New York State Agriculture Commissioner Richard A. Ball today warned consumers in Sullivan County and the surrounding area not to consume “unpasteurized” raw farm milk from the Richard Dirie Farm, due to possible Listeria contamination.
The Dirie Farm is located at 1345 Shandelee Road, Livingston Manor, New York. To date, no illnesses are known by the Department to be associated with this product.
A sample of the milk, collected by an inspector from the Division of Milk Control and Dairy Services on October 21, 2014, was subsequently tested by the Department’s Food Laboratory and discovered to be contaminated with Listeria monocytogenes.
On October 23, 2014, the producer was notified of a preliminary positive test result and he volunteered to suspend raw milk sales until the sample results were confirmed. Further laboratory testing, completed on October 28, 2014, confirmed the presence of Listeria monocytogenes in the raw milk sample.
The producer is now prohibited from selling raw milk until subsequent sampling indicates that the product is free of harmful bacteria.
Agricultural officials remind the public that raw milk does not provide the protection of pasteurization, which eliminates all pathogenic bacteria, including Listeria.
Listeria monocytogenes is bacteria that is normally found in the environment and has been found in animals, birds and vegetation. It can be found in raw foods and processed foods that get contaminated after processing. Some of the most common foods that are associated with listeriosis are raw milk, soft cheeses, vegetables, and many ready to eat meats like hot dogs, deli meats and pâtés.
Those at greatest risk of serious listeria infection include pregnant women, newborns, the elderly, and adults with weakened immune systems (AIDS patients have a significantly high chance, up to 300 times, of contracting the disease).
Most healthy persons show no symptoms of this disease. Initial symptoms of food borne listeriosis include fever, muscle aches, fatigue and sometimes gastrointestinal symptoms, such as nausea, vomiting, or diarrhea. Primarily in high risk groups but occasionally in healthy adults, the infection can spread to the blood and central nervous system where it can cause sepsis and meningitis.

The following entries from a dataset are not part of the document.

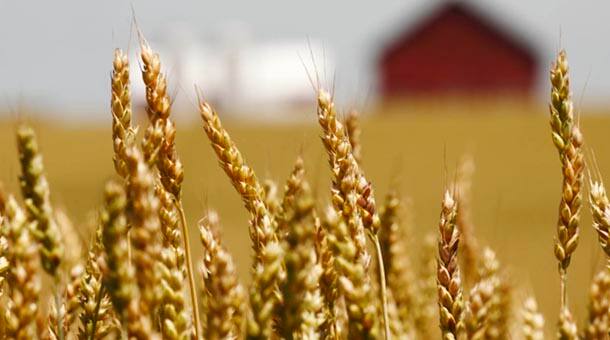 Find out 5 reasons that grains are Gr-r-r-eat! 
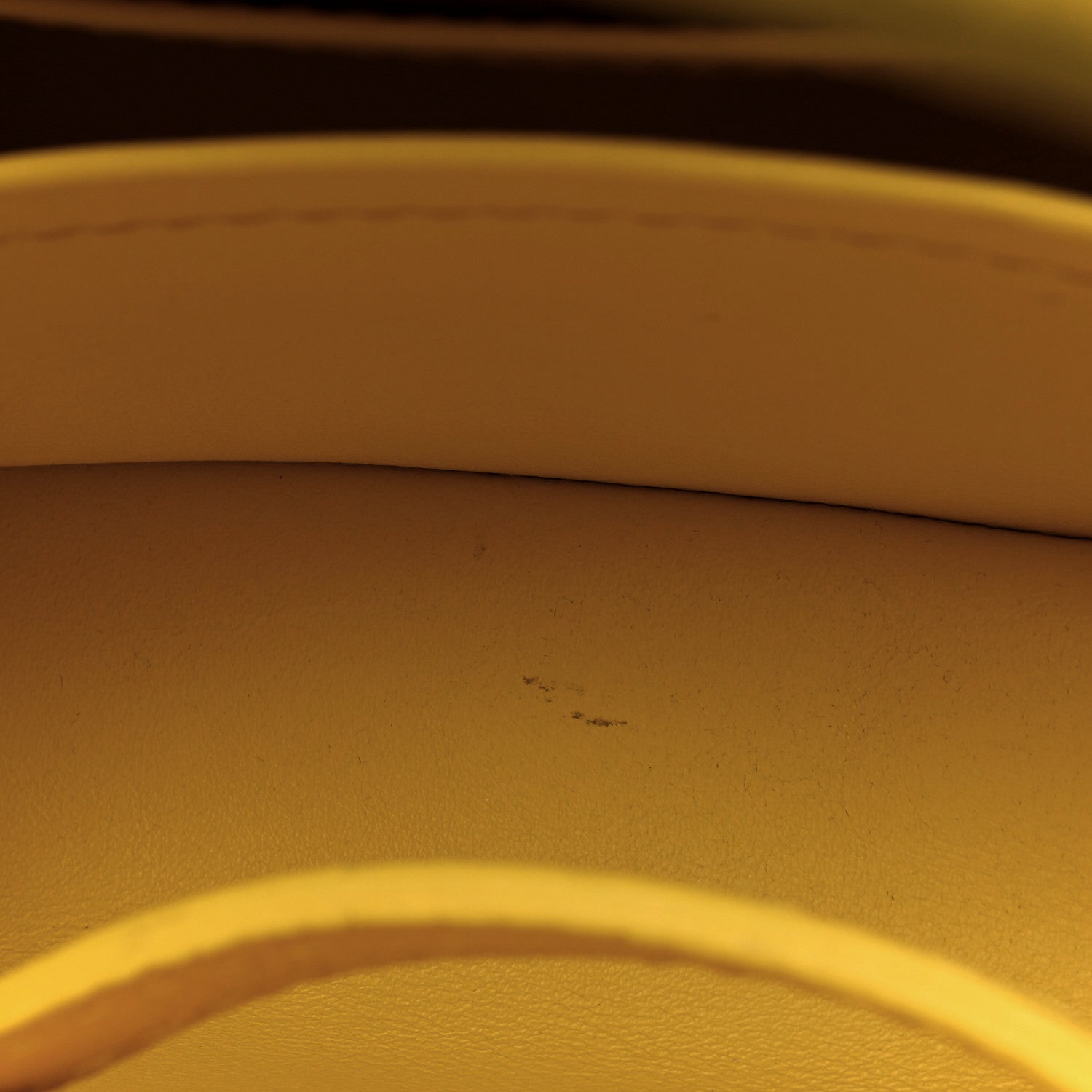 Louis Vuitton Taurillon Mini Capucines Yellow 10 of 10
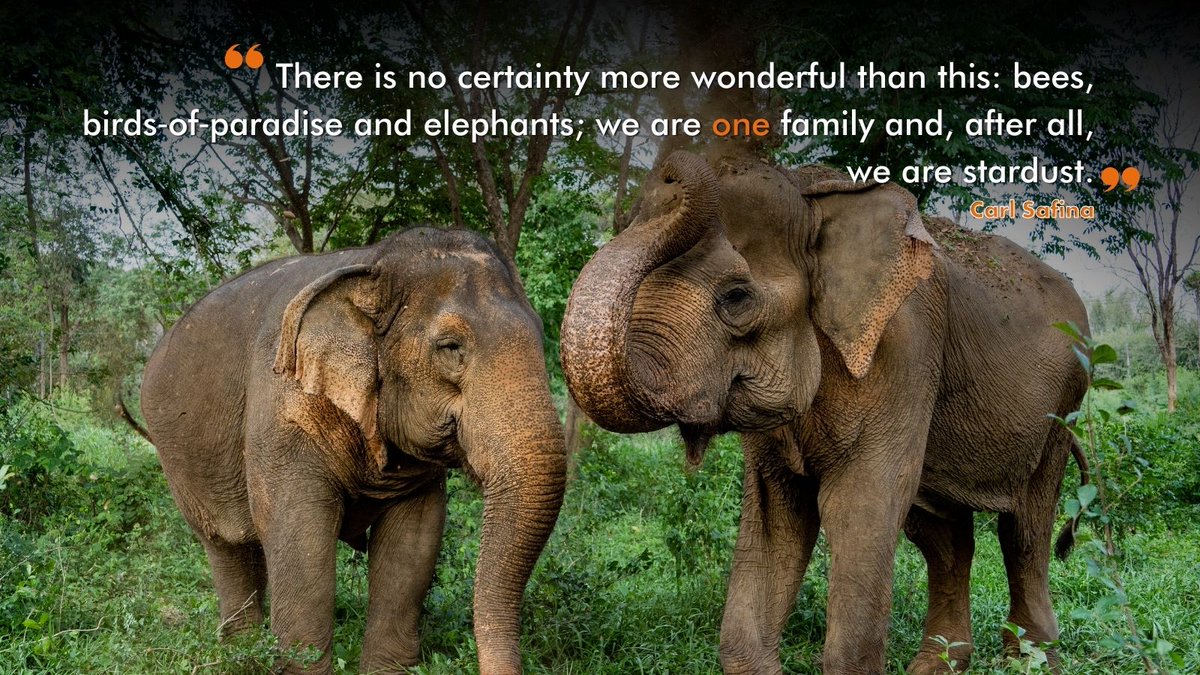 World Animal Protection tweet media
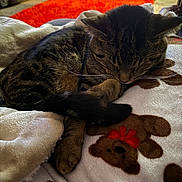 Champ is registered to the contest to win money with this photo: cat, tabby_cat, sleeping, blanket, teddy_bear_pattern, indoor, cozy, furniture, rug, carpet, paw, fur, resting, animal, pet, home, comfort, relaxation, close_up, warm
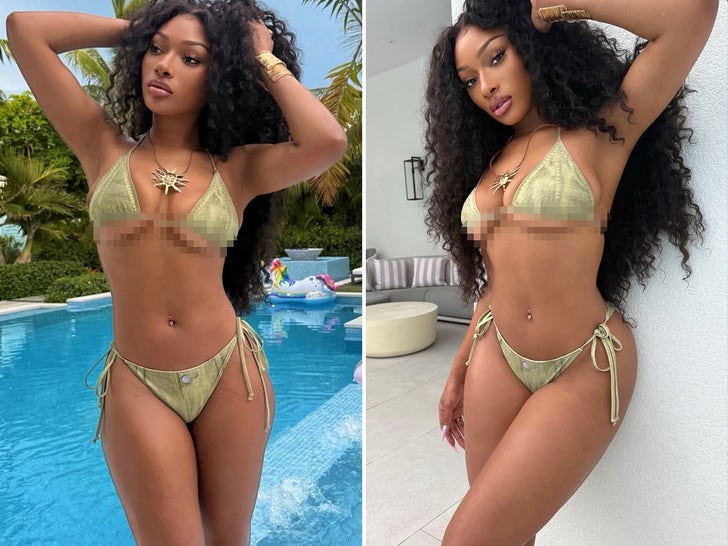 Megan Thee Stallion's Hot Shots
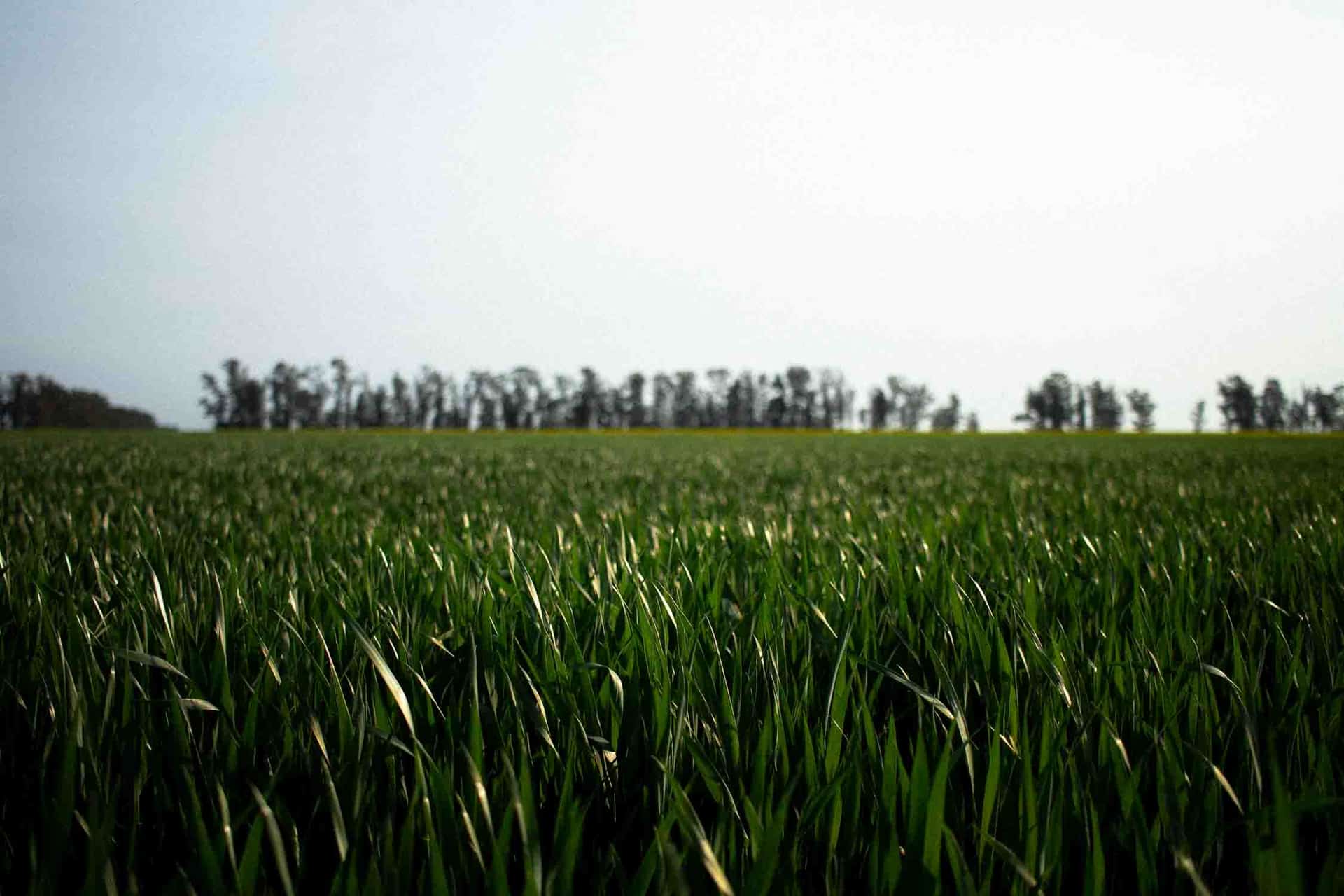 Campo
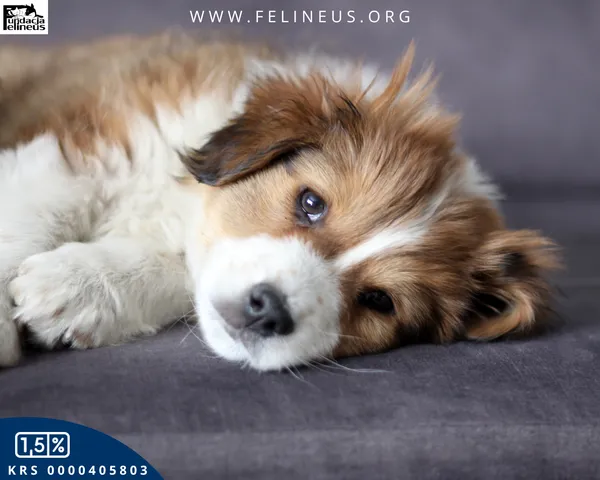 Pies do adopcji, Rzeszów, 15 lutego 2026 (2/5)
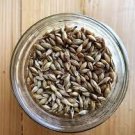50 PCS Seeds Barley 50 PCS Seeds Barley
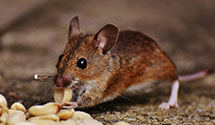 hoarding-cleanup-pest-control Experts in Randolph Ctr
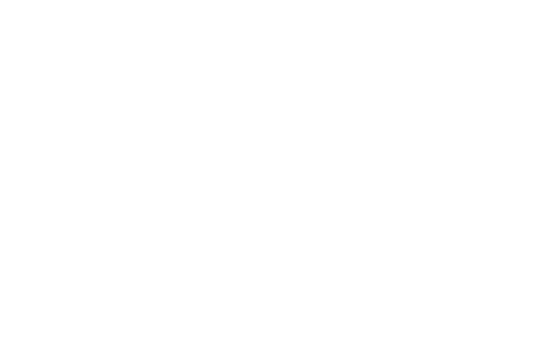 黄天鹅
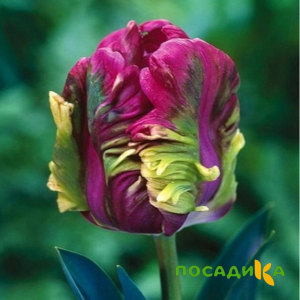 Тюльпан Экзотик Хэвен купить по цене от 186р. в интернет-магазине «Посадика» с доставкой почтой в в Заводоуковске и по всей России – [изображение №1].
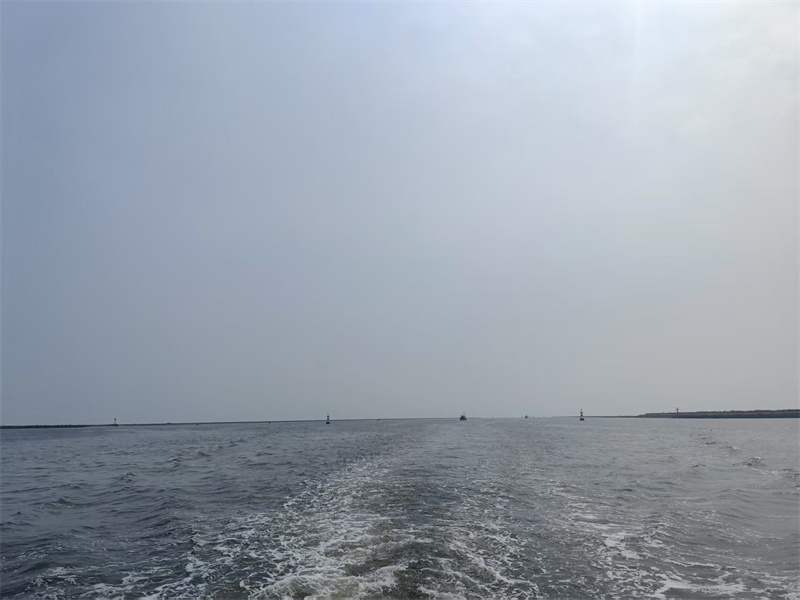 浙江省海葬需要办什么手续-2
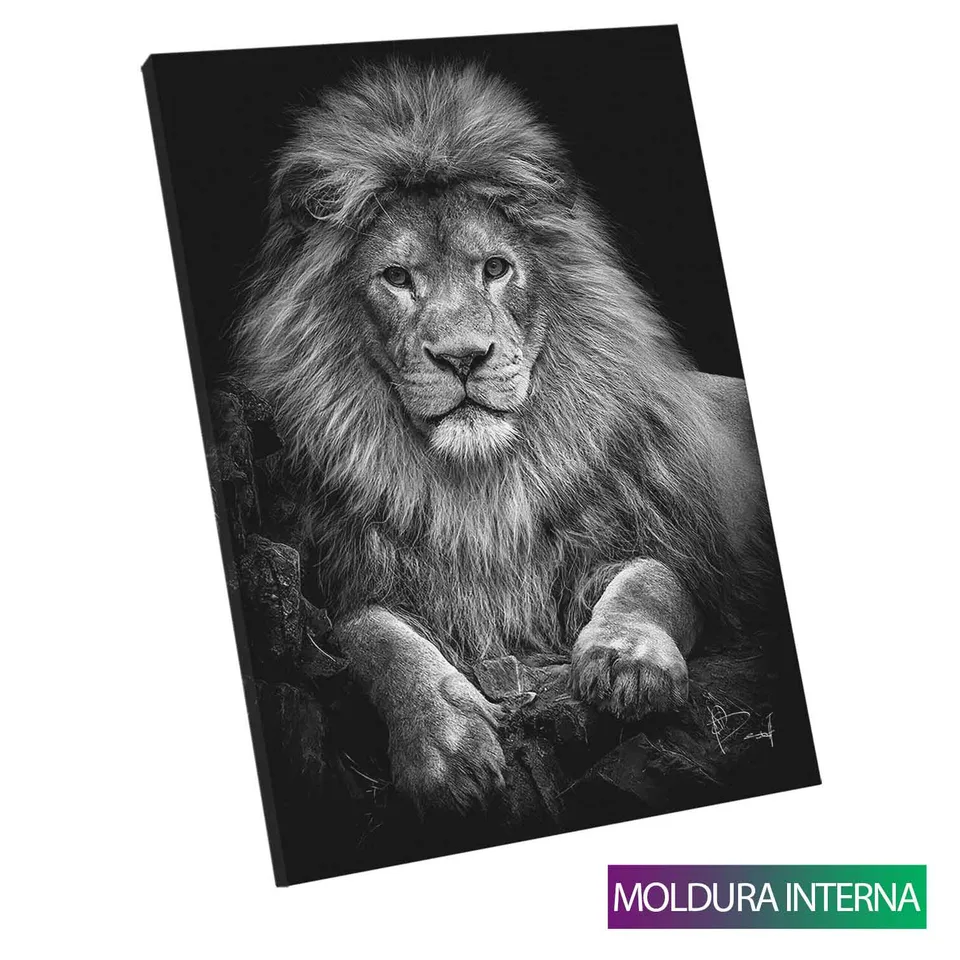 Quadro Leão na Pedra Preto e Branco — Moldura Interna, Médio 64x48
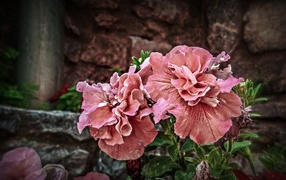 Розовые цветы петунии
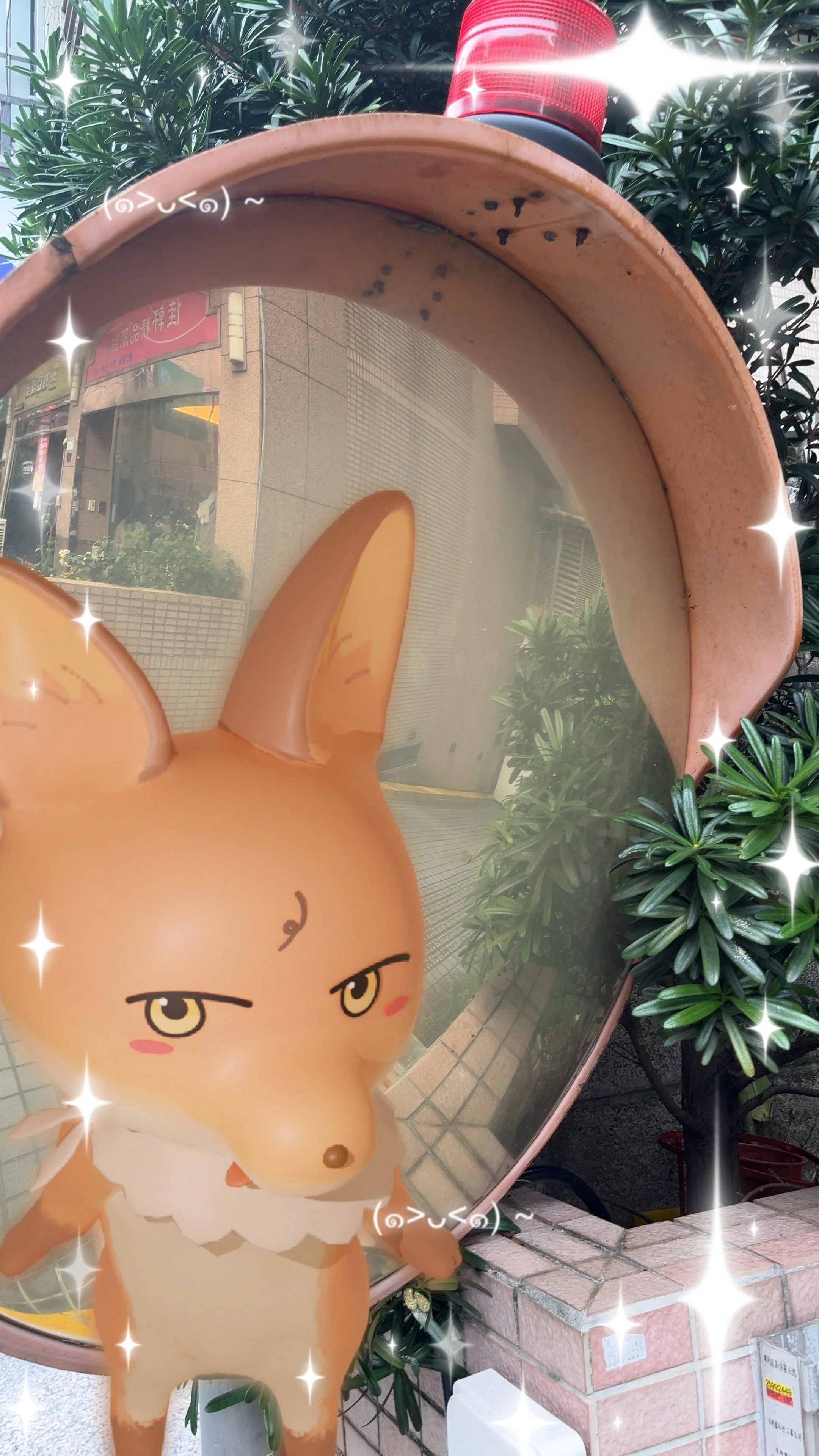 Wendy's Fox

Due to a naturally depressed immune system, pregnant women are about 20 times more likely than other healthy adults to contract this disease. Though many women may only experience mild flu-likesymptoms,infections during pregnancy can have devastating consequences to the fetus which include stillbirth or miscarriage, premature delivery and serious infections in the newborn.
What things can you do to prevent this infection? The US CDC offers recommendations to the generalpublic and high risk groups:
• Thoroughly cook raw food from animal sources, such as beef, pork, or poultry.
• Wash raw vegetables thoroughly before eating.
• Keep uncooked meats separate from vegetables and from cooked foods and ready-to-eat foods.
• Avoid unpasteurized (raw) milk or foods made from unpasteurized milk.
• Wash hands, knives, and cutting boards after handling uncooked foods.
• Consume perishable and ready-to-eat foods as soon as possible
Recommendations for persons at high risk, such as pregnant women and persons with weakened immune systems, in addition to the recommendations listed above:
• Do not eat hot dogs, luncheon meats, or deli meats, unless they are reheated until steaming hot.
• Avoid getting fluid from hot dog packages on other foods, utensils, and food preparation surfaces, and wash hands after handling hot dogs, luncheon meats, and deli meats.
• Do not eat soft cheeses such as feta, Brie, and Camembert, blue-veined cheeses, or Mexican-style cheeses such as queso blanco, queso fresco, and Panela, unless they have labels that clearly state they are made from pastuerized milk.
• Do not eat refrigerated pâtés or meat spreads. Canned or shelf-stable pâtés and meat spreads may be eaten.
• Do not eat refrigerated smoked seafood, unless it is contained in a cooked dish, such as a casserole. Refrigerated smoked seafood, such as salmon, trout, whitefish, cod, tuna or mackerel, is most often labeled as “nova-style,” “lox,” “kippered,” “smoked,” or “jerky.” The fish is found in the refrigeratorsection or sold at deli counters of grocery stores and delicatessens. Canned or shelf-stable smoked seafood may be eaten.
This very hardy bacterium can survive and even grow at refrigeration temperature. Because of this factor, Listeria presents challenges in food safety.